FINNEY, C.J., and TOAL, MOORE and WALLER, JJ., concur.

NOTES

[1] Eagle and Safeco argue that the holding in Rish is that our state courts do not give weight to federal cases construing the federal Miller Act. We disagree. Rish held that "the general rule on a statute patterned after that of another jurisdiction is as appellants say: interpretations from the courts of that jurisdiction will be given great weight." 269 S.C. at 232, 237 S.E.2d at 63. The Rish court chose not to apply that general rule, however, because of South Carolina case law which was contrary to the Miller Act decisions. Thus, Rish stands for the proposition that our courts give Miller Act decisions great weight unless there is contrary state law. In this case, there is no contrary state law applicable, and therefore we are guided by the Miller Act decisions in resolving this issue.

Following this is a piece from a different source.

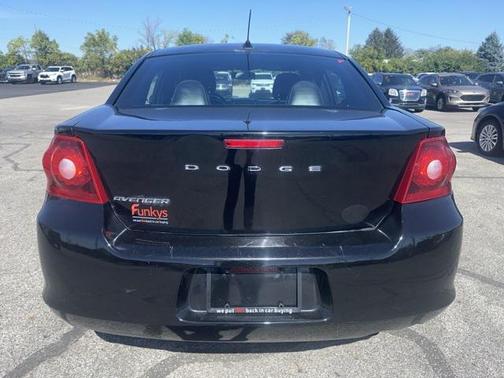 2011 Dodge Avenger Lux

[2] All other arguments made by Eagle and Safeco are manifestly without merit and are disposed of pursuant to Rule 220(b)(1), SCACR, and the following authorities: Moore Elec. Supply, Inc. v. Ward, ___ S.C. ___, 450 S.E.2d 96 (Ct.App. 1994); U.S. for Use of Carlson v. Continental Casualty Co., supra; Degenhart v. Knights of Columbus, 309 S.C. 114, 420 S.E.2d 495 (1992) (issue on which the master-in-equity never ruled and which was not raised in post-trial motions is not properly before this Court); and Recco Tape and Label Co., Inc. v. Barfield, 312 S.C. 214, 439 S.E.2d 838 (1994) (exclusion of evidence within sound discretion of trial judge).